1. The Defendant denies that the Claimant is entitled to relief claimed in the sum of £XXX, or at all, for the reasons stated in the following paragraphs.

2. It is admitted that the Defendant is/was the Registered Keeper of the vehicle in question on the material date. The Defendant was, at the material time, accompanied by the tenant of a property at the location at that time.

3. On the material date, the Defendant and another party stopped the vehicle at a convenient point close to the entrance of the building, for the purposes of loading and unloading.

4. On any reasonable construction, this action did not constitute 'parking'. In any event, it would be an implied term of the tenancy agreement that tenants should be able to park near the entrance temporarily, in order to transfer heavy or bulky items from the vehicle to the property, or vice versa.

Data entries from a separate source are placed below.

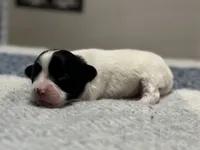 processed/7c74d003-f585-40a5-926c-7dcb83651fdc/listing/5c60dfb8-267d-47a2-b7bf-79be5b9572f6/9b3d9735-8a07-4ac7-8838-fca59cd58481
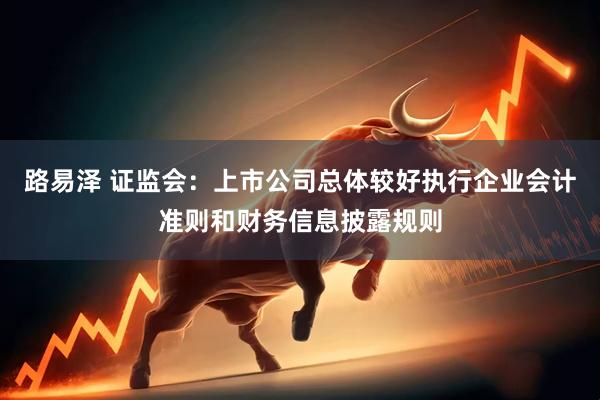 路易泽 证监会：上市公司总体较好执行企业会计准则和财务信息披露规则
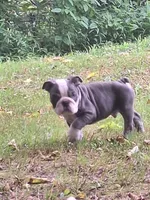 FLINT, a male English Bulldog for sale in Baden, PA – 3 of 7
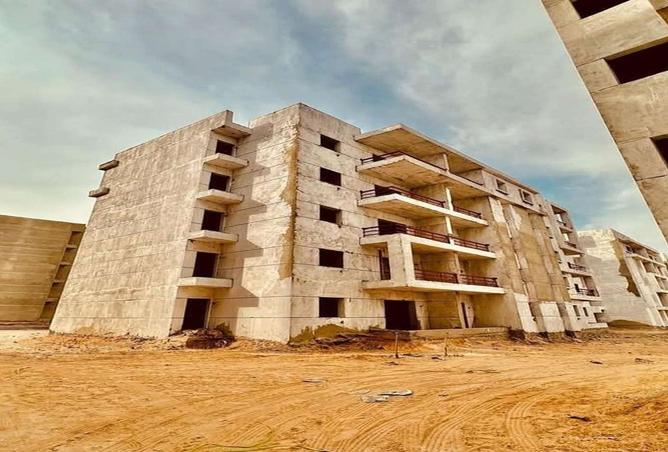7980261 - Property Image 3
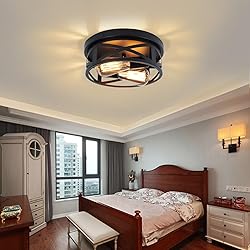 Jasopaco 2-Light Flush Mount Ceiling Light Fixtures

5. The Assured Shorthold Tenancy Agreement is the legal basis upon which the Tenant occupied the property. On the subject of parking, it states "...if keeping a car at the Property, not park so as to cause a nuisance or obstruction, or sound the car’s horn without due course, or rev the engine or slam the doors late at night...". The agreement does not specify any other conditions of parking, and the Defendant relies upon the Tenant's delegated authority under this contract as having primacy of contract over any purported contractual terms asserted by the Claimant's signage.

6. It is, therefore, denied that the Defendant was under any obligation to display a permit at any time, or to pay penalties to a third party (the Claimant) for non-display of same. There are a number of authorities which support this position.

7. The Defendant has no knowledge of whether there is any contractual arrangement between the Claimant and the owner or occupier of the land in question, or, if such a contractual arrangement exists, what the terms of that arrangement are. The Claimant is therefore required to prove that it has the necessary standing to bring this claim.

8. It is denied that a contract was formed between the Claimant and the Defendant. This is because no offer was communicated by the Claimant, effectively or at all, that was capable of acceptance by the Defendant, expressly, by conduct, or at all.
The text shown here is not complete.